Si les populations approuvent relativement la démocratie et la gouvernance par leur implication à la prise de décision, la bonne gouvernance démocratique n’est pas seulement une affaire de processus, elle suppose non seulement l’effectivité de la séparation des pouvoirs mais la garantie des droits humains, des libertés et du pluralisme (médiatique, libre accès aux différents médias pour tous, associatif, syndical, etc.)

Des acquis sont notables dans le pays pour cette dimension, reste à diversifier les moyens et améliorer les dispositifs pour prévenir les conflits.

La dimension « Droits de l’homme et Règles de droit » est également créditée d’un score moyen, soit 2.57/5. Un score redevable à la faiblesse de l’efficacité des normes, des garanties des droits de l’homme et à la mauvaise gouvernance. Pour la sous-dimension « Efficacité des normes politiques et mécanisme de bonne gouvernance », le score attribué est négatif, soit 2.48/5. Ce score s’explique par les problèmes liés à l’inefficacité des normes politiques et des mécanismes de bonne gouvernance.

Le Sénégal est dans la zone rouge en matière de lutte contre la corruption. On note un manque d’effectivité des normes et surtout des sanctions d’où le reproche d’une justice à deux vitesses et sélective. En matière de bonne gouvernance, les mécanismes mis en place, tels que l’OFNAC (Office National de Lutte contre la Fraude et la Corruption), la CREI (Cour de Répression de l’Enrichissement Illicite) butent sur un manque de volonté politique pour l’application des sanctions ou la transmission à la justice les dossiers relatant des cas de fraudes, suite aux enquêtes effectuées par des institutions de contrôle.

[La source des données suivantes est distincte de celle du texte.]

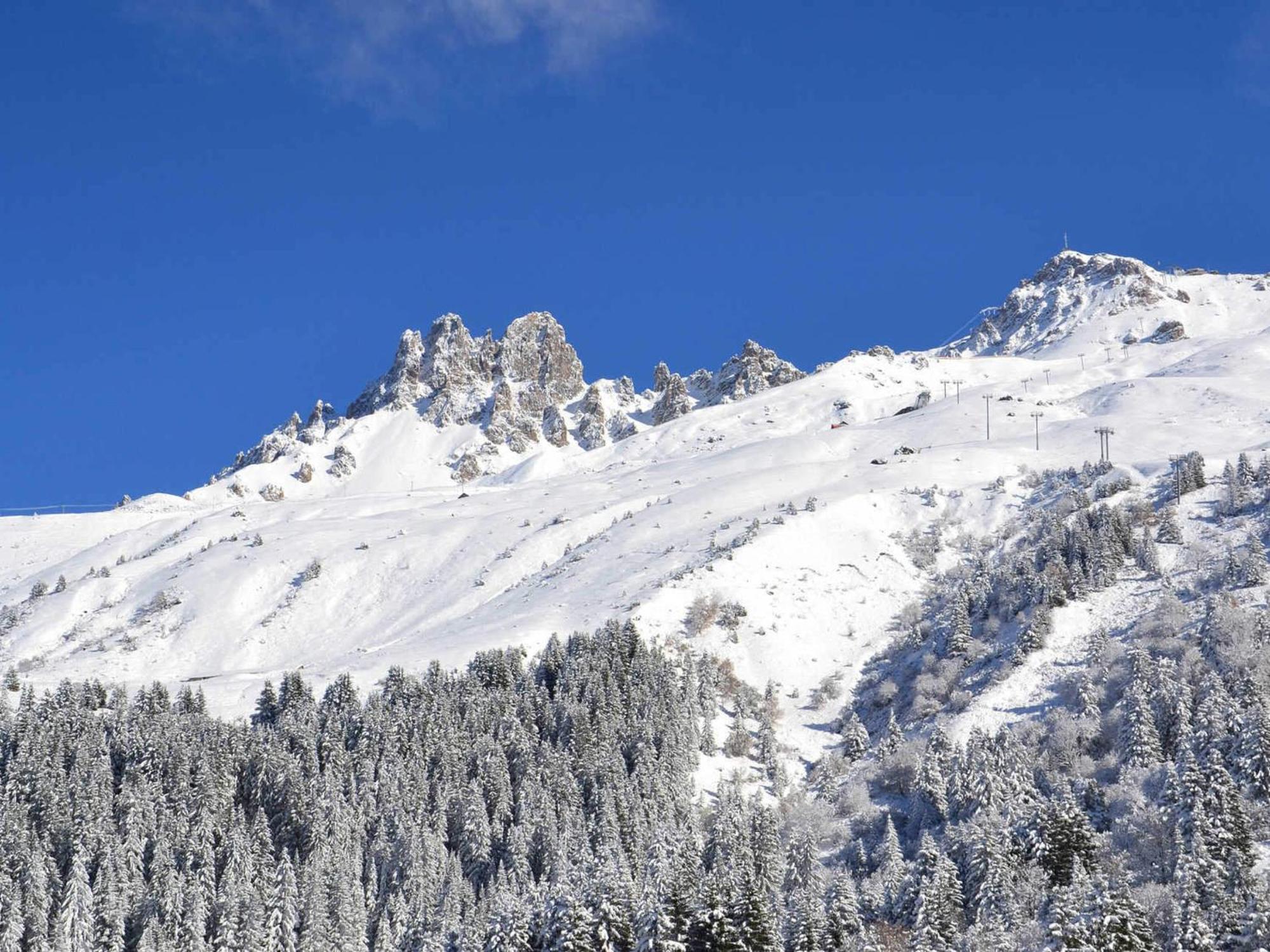 Appartement Ensoleille Avec Tv, Proche Pistes Et Commerces, Residence Plein Soleil, Les Allues - Fr-1-182-18 Méribel Zewnętrze zdjęcie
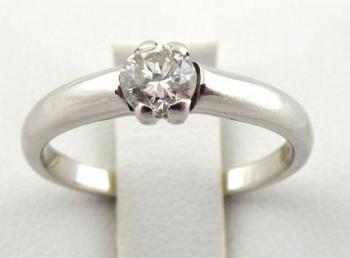 White gold ring with diamond 0,40 ct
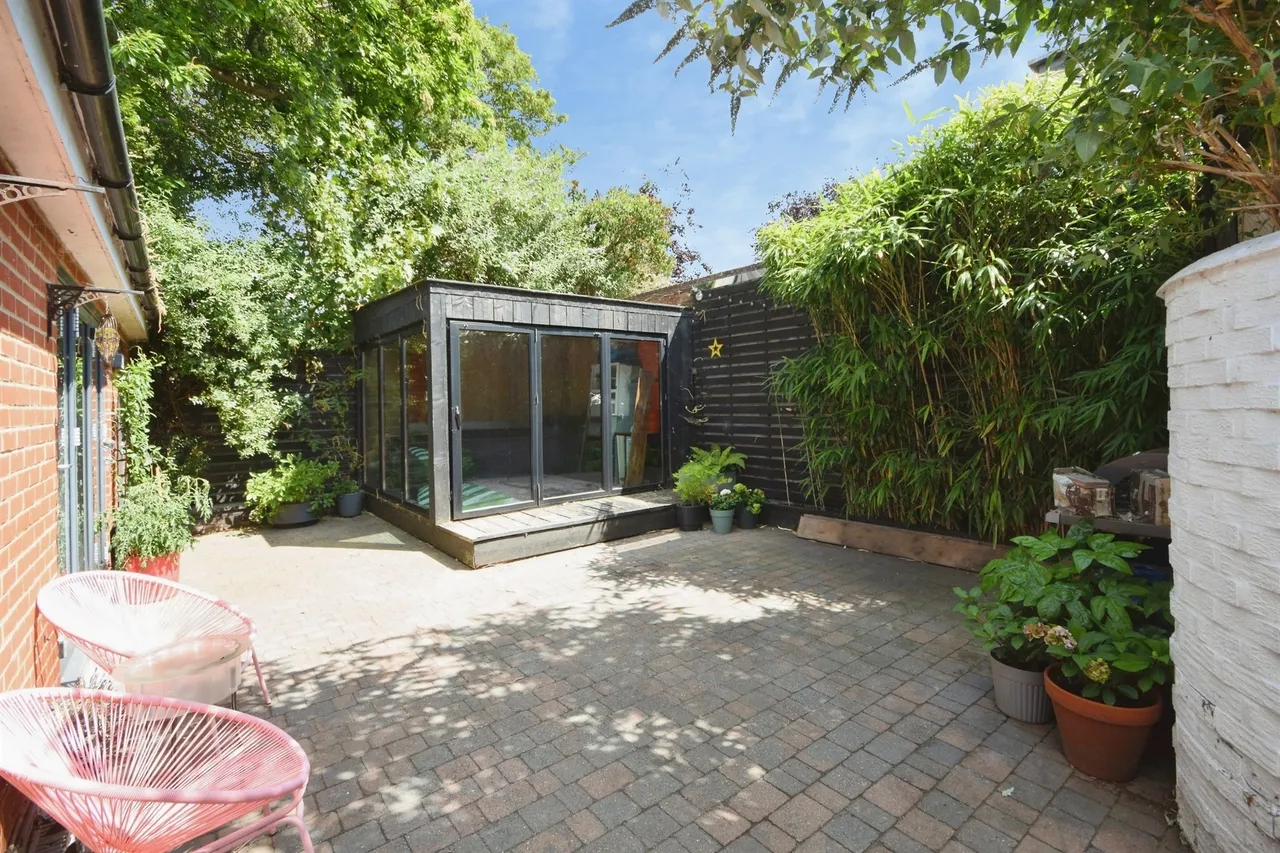 Debden Road, Saffron Walden, CB11, photo 6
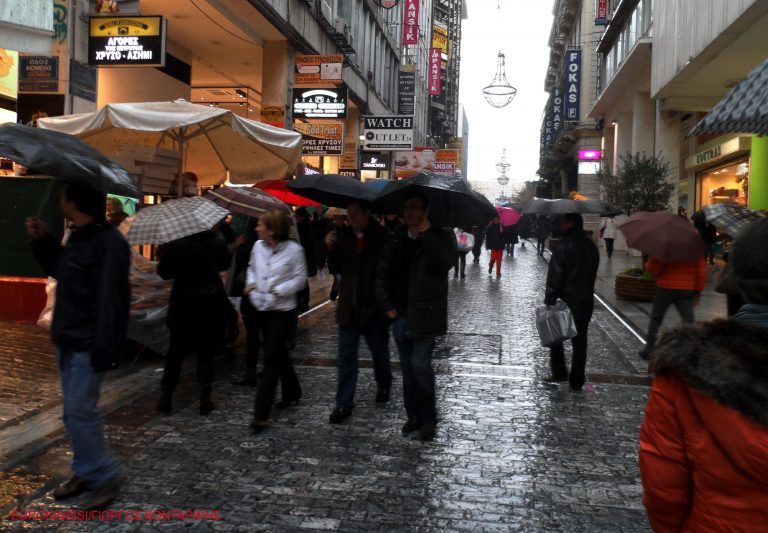 Ενταση στο Σύνταγμα – Κλαίνε οι έμποροι από την πεσμένη κίνηση στην αγορά | Newsit.gr Ενταση στο Σύνταγμα – Κλαίνε οι έμποροι από την πεσμένη κίνηση στην αγορά | Newsit.gr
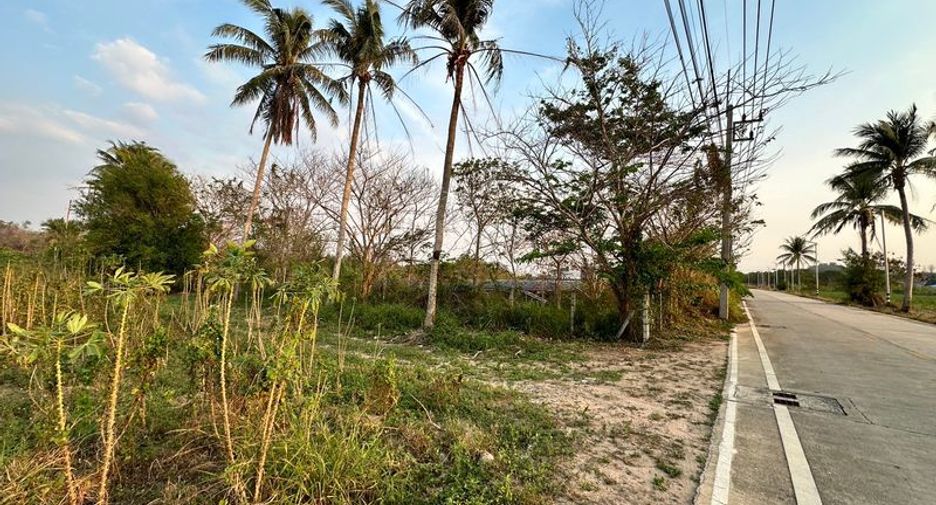 À vendre terrain à Si Racha, Chonburi
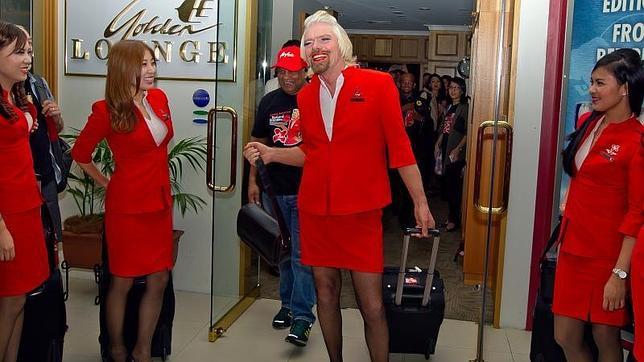 Richard Branson pierde una apuesta y se convierte en azafata de vuelo por un día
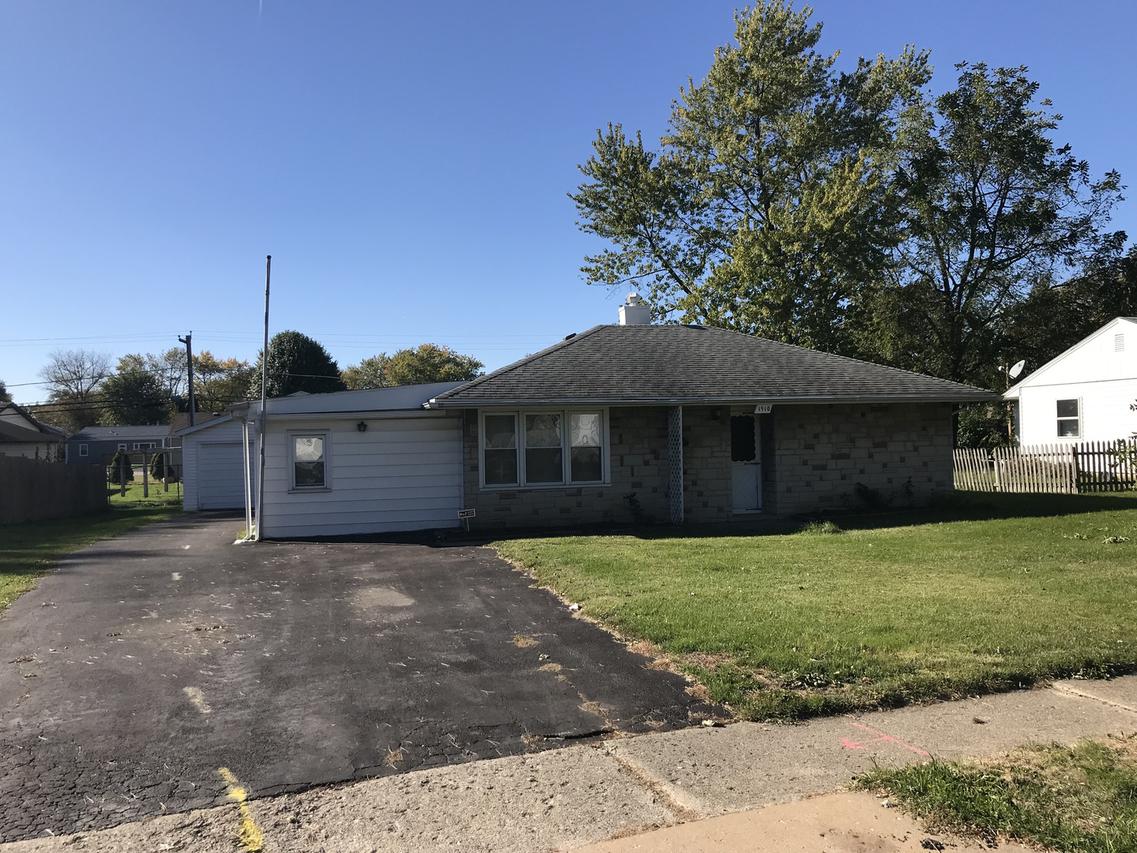 1910 Innercircle Dr., Crest Hill, IL 60403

La sous-dimension « Garantie des droits de l’Homme » est créditée d’un score positif, mais moyen, soit 2.65/5. Ce score va dans le sens de l’existence d’un cadre institutionnel (Conseil constitutionnel) garantissant la protection des droits humains dans une démocratie, avec des organismes de défense des droits de l’homme, la promotion des droits humains et la garantie des libertés publiques à l’image de la RADDHO (Rencontre Africaine pour la Défense des Droits de l’Homme) qui s’active pour le respect de l’indépendance de la justice et un procès équitable pour tout citoyen, La Ligue Sénégalaise des droits de l’Homme (L.S.D.H), l’Observatoire National des Droits Humains (ONDH), Amnesty International, Y’En a marre (mouvement), etc.

La sous-dimension « Efficacité des services publics » est également créditée d’un score moyen, soit 2.56/5. Malgré des ressources mises en œuvre pour leur efficacité durable, les services publics demandent une meilleure coordination, une vision intégrée, moins de distance et d’opacité vis-à-vis des usagers et surtout faire en sorte que l’on réduise les multiples rigidités de la gestion.

Au regard de la dimension « Droits de l’Homme et règle de droit », le constat est que le Sénégal, en dépit de ce cadre juridique et institutionnel qui fonctionne relativement bien, n’est pas complètement hors de danger de la zone de perturbation liée aux conflits.